Cara Menepis Gambaran Negatif

Cara Menepis Gambaran Negatif

Hem, janda, kata nan selalu tidak sedap didengar terutama oleh wanita sendiri. Janda selalu terkesan negatif dan memojokkan perempuan pada kondisi dan tabiat nan genit, sok cari perhatian, penggoda suami orang dan hal-hal nan sejenisnya. Janda , kata nan merujuk pada situasi nan dialami wanita nan sudah tak memiliki pasangan hayati lagi. Seseorang dikatakan janda jika ia menikah, kemudian berpisah dengan suaminya. Hal itu itu dapat disebabkan oleh kematian suaminya atau bercerai dari suaminya. Seseorang nan menjanda, oleh sebagian besar masyarakat kita kerap dianggap memiliki gambaran nan negatif, meskipun hal tersebut tidaklah sahih adanya.

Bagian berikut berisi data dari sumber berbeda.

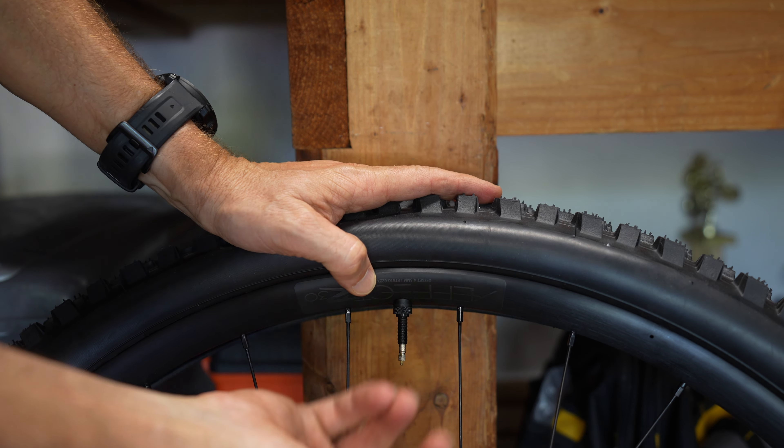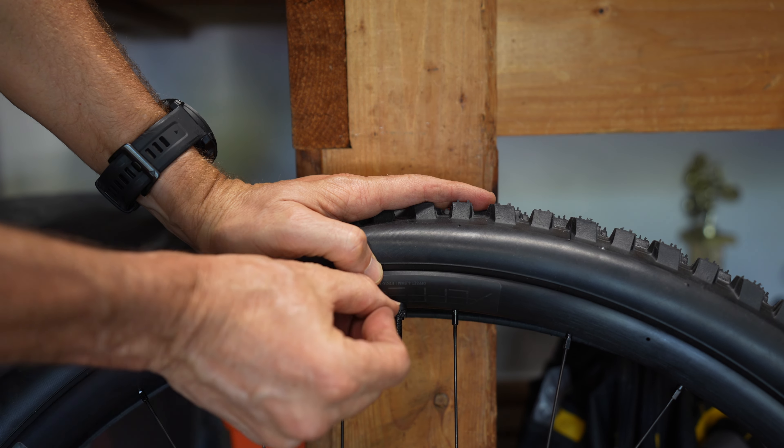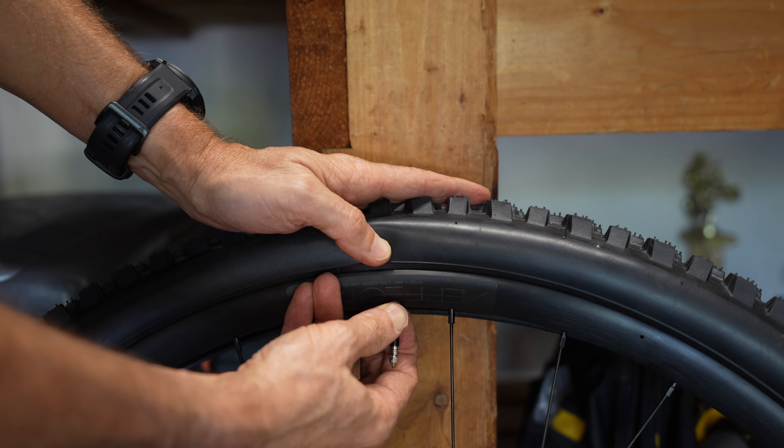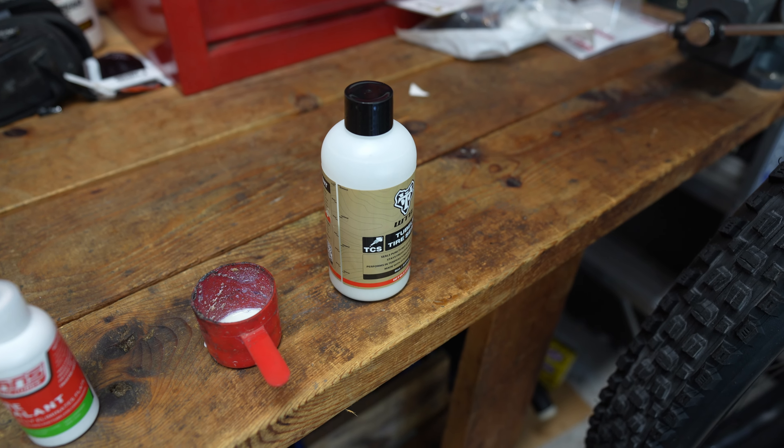Make sure the valve stem is centered. If you have the style with a plastic piece, put the extra material on one side to keep the valve stem straight up and down. The lock ring does not have to be insanely tight — you can actually damage the valve stem or pull it through the rubber on the other side. Just snug, not crazy tight.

Padahal kalau sejenak berpikir dan memperhatikan seorang janda dengan pandangan nan lebih dewasa dan positif, acungan jempol patut ditujukkan kepadanya. Betapa tidak. Bayangkan saja, seorang wanita nan selama ini dinilai lemah dan sangat tergantung kepada suaminya, tiba-tiba harus berpisah apakah sebab ditinggal wafat atau sebab kawin lagi. Lalu, ia hayati sendiri, banting tulang sendiri, mencari penghidupan sendiri. Masih beruntung bila ia tak atau belum memiliki anak, tapi bagaimana repotnya kalau sudah punya anak. Apalagi harta peninggalan mantan suaminya tidaklah terlalu berlebihan. Masih beruntung pula abila seorang janda itu juga seorang nan terbiasa berdikari dari sisi ekonomi, apakah ia sebagai seorang karyawan, wiraswastawati atau pegawai negeri sipil misalnya. Tapi bagaimana bila janda itu secara ekonomi bukanlah janda kaya, bukan karyawan, bukan pengusaha dan bukan pegawai negeri sipil sementara ia harus tetap hayati bahkan mungkin dengan anak-anaknya.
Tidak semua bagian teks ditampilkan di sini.